Second, thanks for the update.  Great news!.

Third, I think that your advice is sound.  Very sound. That is the kind of commitment you make to your wife, but not to your children. At some point they are on their own.

Regards  —  Cliff

The New Englander said...

Haha glad you liked the 'chit' reference, and thanks for the good cheer. Stability is kind of like oxygen -- one of those things you don't appreciate quite enough until you have to.

Jon and Kate said...

Glad you're blogging again.

This definitely goes under the headline "no good deed goes unpunished." I'm sure there's a psychological term for "taking something for granted until it becomes so ingrained in your perception of reality that you only forget that it initially began as a sacrifice on the part of another" but there you go. This used to happen to me all the time when I would offer to read someone's script. Lord knows I rarely do that anymore.

The New Englander said...

Thanks for the good bloggin' cheer...and yep -- although I've never been asked to read a script (thankfully!) I completely understand how that could unfold, and why you set this policy now.

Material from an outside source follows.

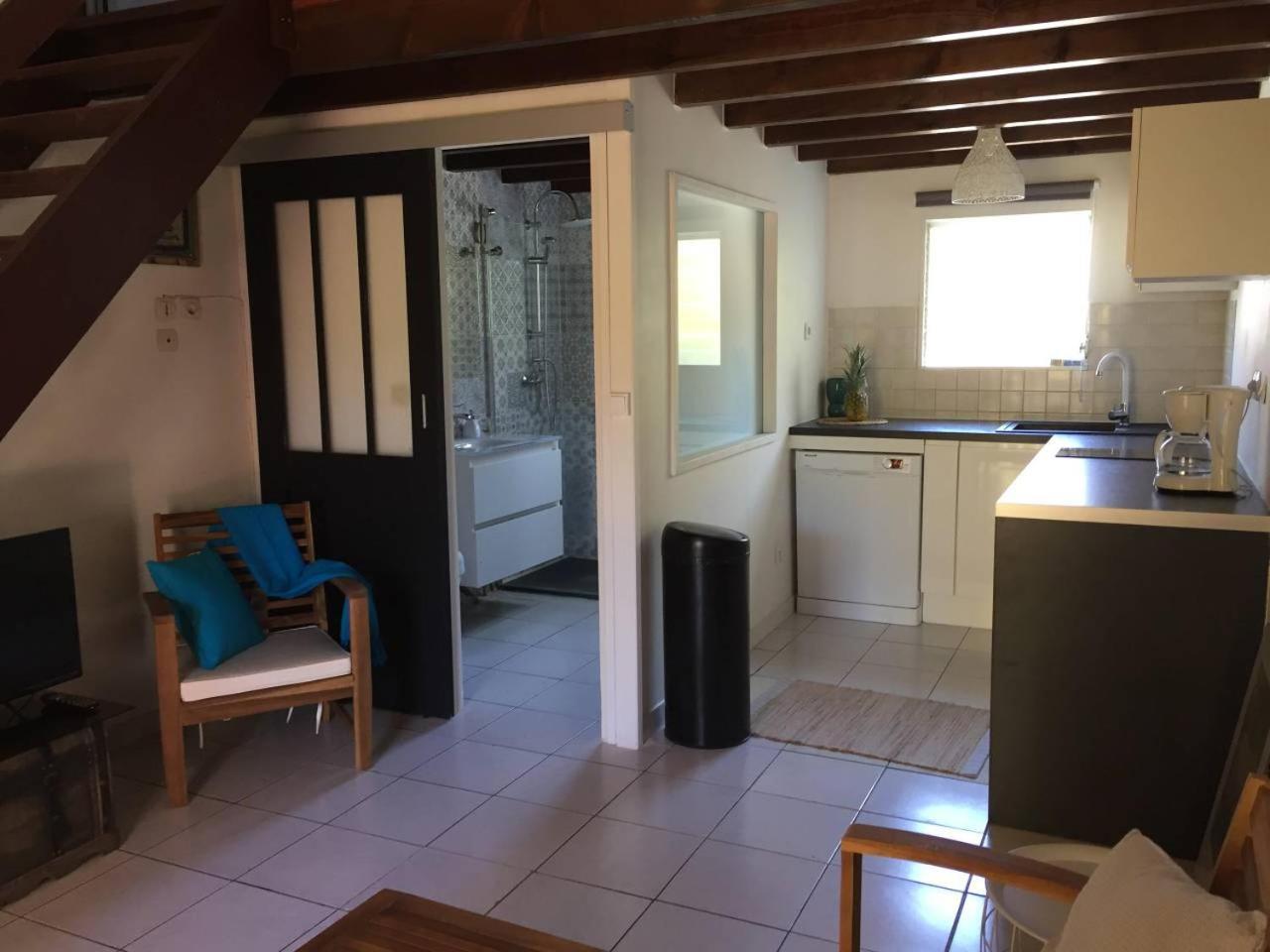 T2 Tropical En Bord De Piscine A 100M De La Mer Apartment Le Carbet Luaran gambar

The more feedback you give, the more questions you'll engender on the part of the original asker...and the more of your own blood, sweat, and tears expended in the process, the more resentment there'll be on the other side of the table when you finally say, "no mas."

Not reading it at all is a way more genuine/backboned approach then what I would surmise many/most people do -- give it a cursory glance and a quick "this is AWESOME!!!" bit of a response to make the other person go away but at a minimal level of pain infliction.